En el relato de la infancia, entonces, están Nápoles y su dialecto. Y la ciudad y el lenguaje son el otro nombre de las historias.
Por un lado, están las historias que aparecen en los libros. Los niños de estas novelas se salvan por los libros, libros que se heredan de algunos adultos: en “El día antes de la felicidad” son los del judío escondido durante la ocupación alemana o los que el librero don Raimondo –una especie de contracara generosa del que ocupa a Silvio Astier- presta al protagonista; en “Los peces no cierran los ojos”, son los del padre mitad norteamericano del narrador.
Pero también están las historias de la calle, del entorno, del barrio, de la ciudad. “Un hombre es una cuenca de recepción de historias, cuanto más al fondo esté, más recibe”, copia en su diario el lector que escribe.
Y son esas voces las que hacen que uno sea lo que es: “escuchaba las historias de la ciudad y la reconocía como mía. Era la historia de muchos que se estrechaban para formar un pueblo”, dice el protagonista de “El día antes…”, que al crecer termina por entender que “no era hijo de un edificio, sino de una ciudad. No era huérfano de padres, sino la persona de un pueblo”. Luego de esa revelación, puede partir.

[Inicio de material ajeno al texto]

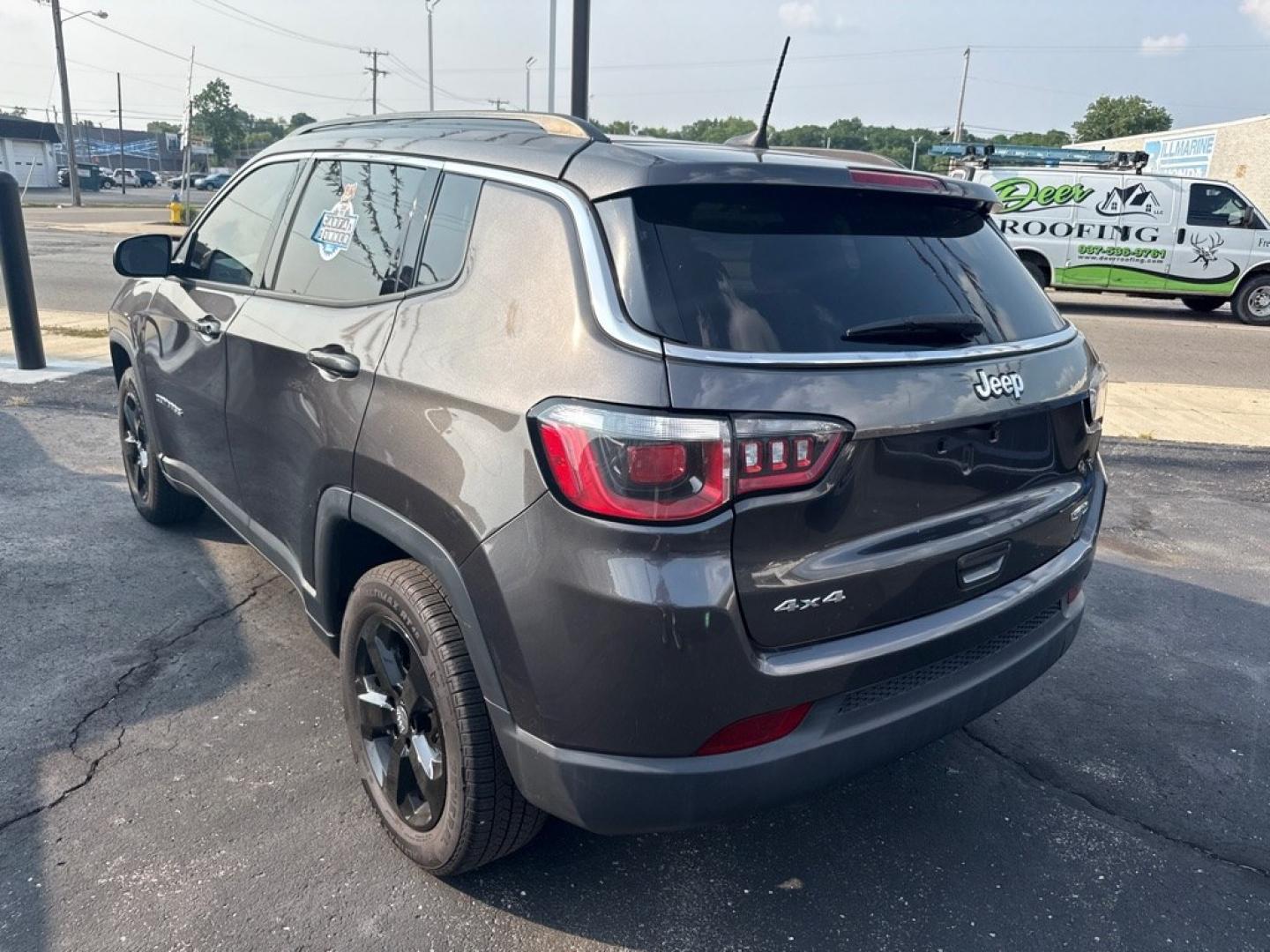 2018 GRAY JEEP COMPASS LATITUDE (3C4NJDBB1JT) with an 2.4L engine, Automatic transmission, located at 501 E. Columbia St., Springfield, OH, 45503, (800) 262-7122, 39.925262, -83.801796 - *** 1 Owner w/ Clean CarFax 22 Service Records *** Tune Up *** New Brakes *** New Wipers *** Oil Change *** Inspection *** 4x4 *** Cold Weather Group Heated Front Seats Heated Steering Whe- Photo#4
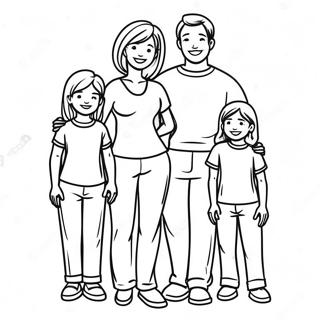 Família De 5 Páginas Para Colorir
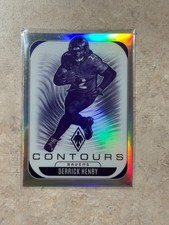 2025 Panini Phoenix - Derrick Henry - Contours Insert (#3) Bal. Ravens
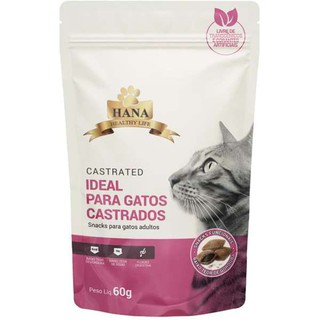 Snacks Hana Castrated para Gatos Castrados 60g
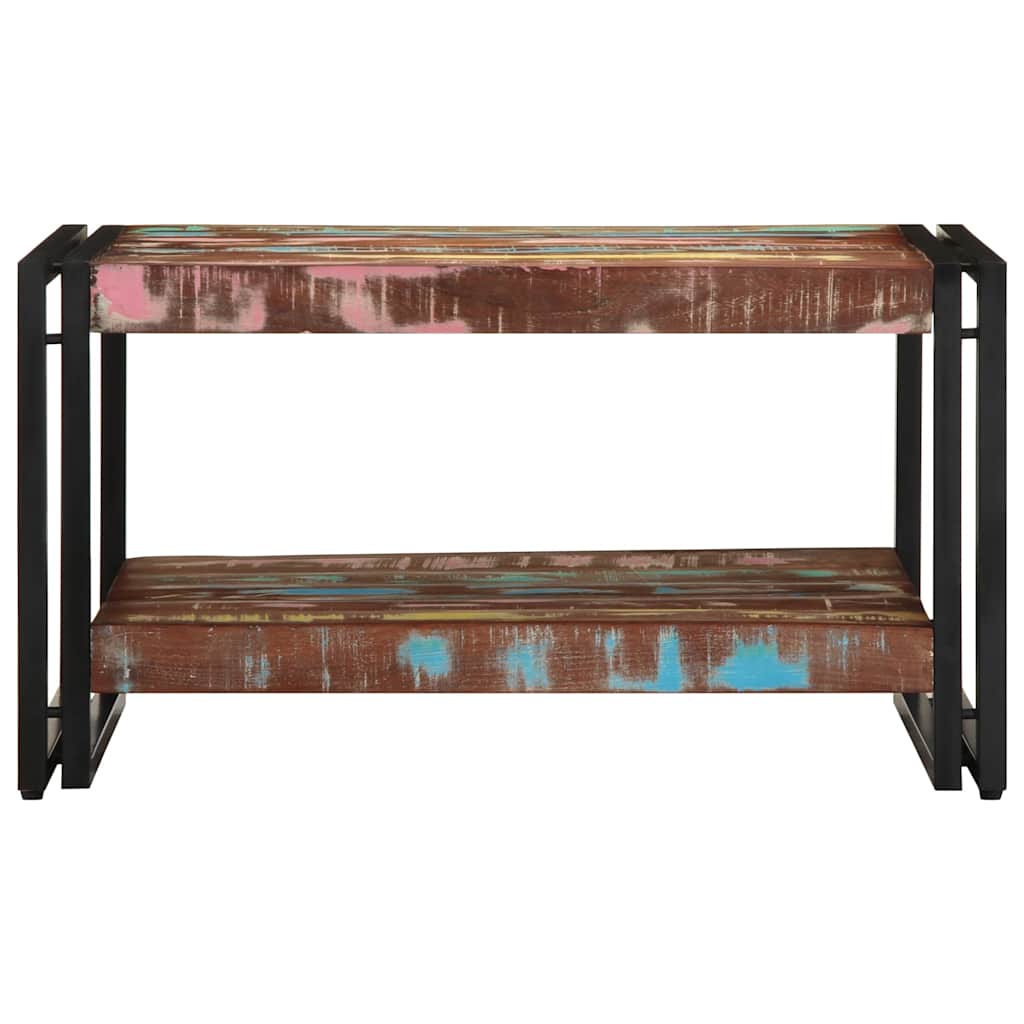 Multicolor coffee table, 70x50x38cm, recycled wood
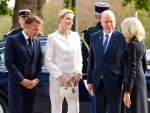 La princesa Charlene y Brigitte Macron decidieron seguir la regla del privilegio de blanco en su encuentro con el Papa Leo, a pesar de tratarse de un evento público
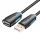 Vention USB-A 2.0/M -> USB-A 2.0/F 1m (hossz, PVC), kábel
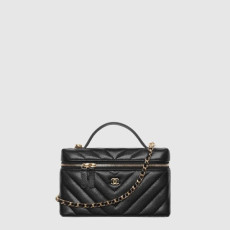 샤넬 여성 쉐브론 체인 코스메틱 케이스 - Chanel Womens Chevron Chain Cosmetic Case - chb15983x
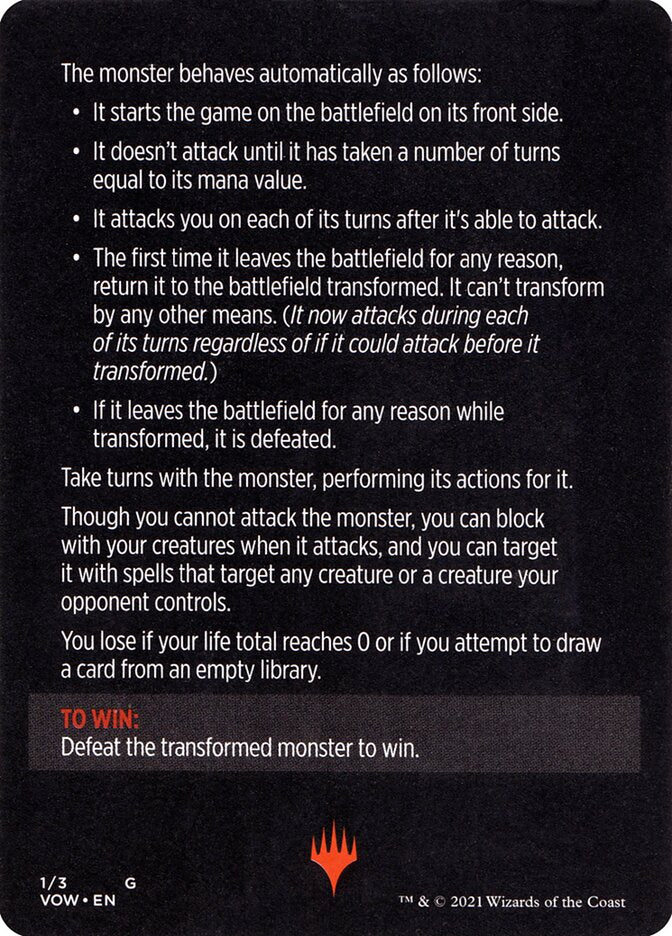 Monster of The Week (Magic Minigame) [Innistrad: Crimson Vow Minigame] | Good Games North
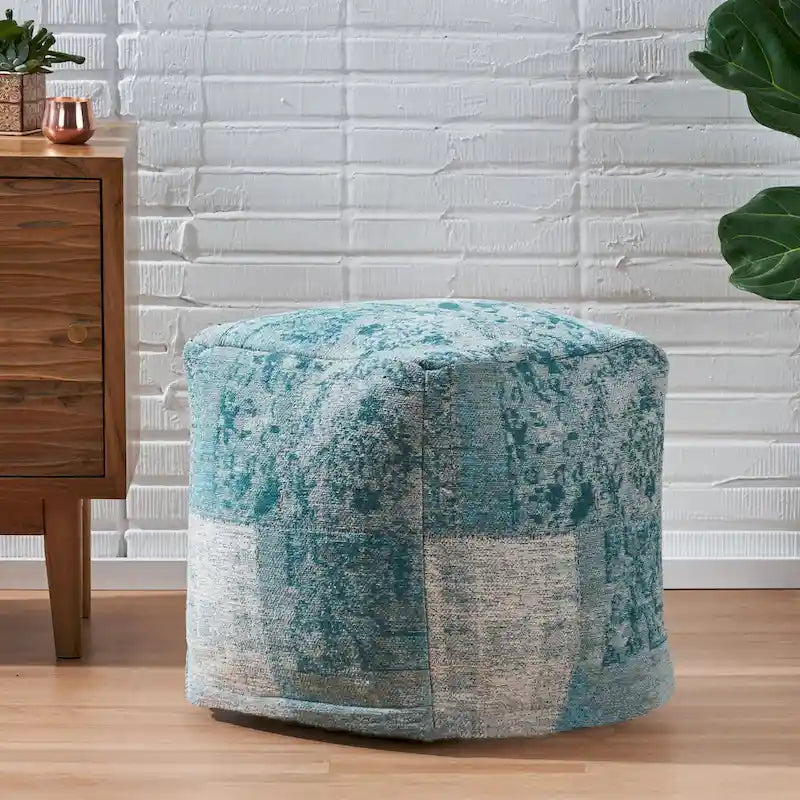 Puf kostka z tkaniny Colane Hand-Loomed Boho firmy Christopher Knight Home
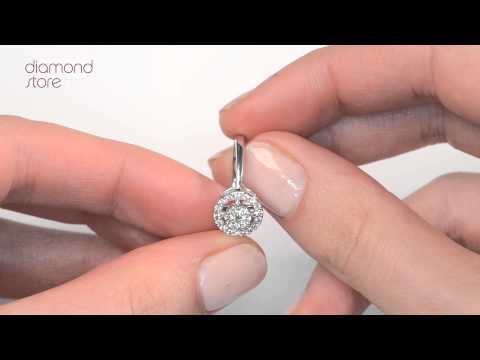 N4477 - 18K White Gold Diamond 0.35ct Circles Ring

Pero además esa revelación habilita la escritura, una escritura que se establece en este cruce, en esta convicción: “el escritor debe ser más pequeño que la materia que relata. Se debe ver que la historia se le escapa por todas partes y que él solo recoge un poco. Quien lee tiene el gusto de esa abundancia que se desborda más allá del escritor”.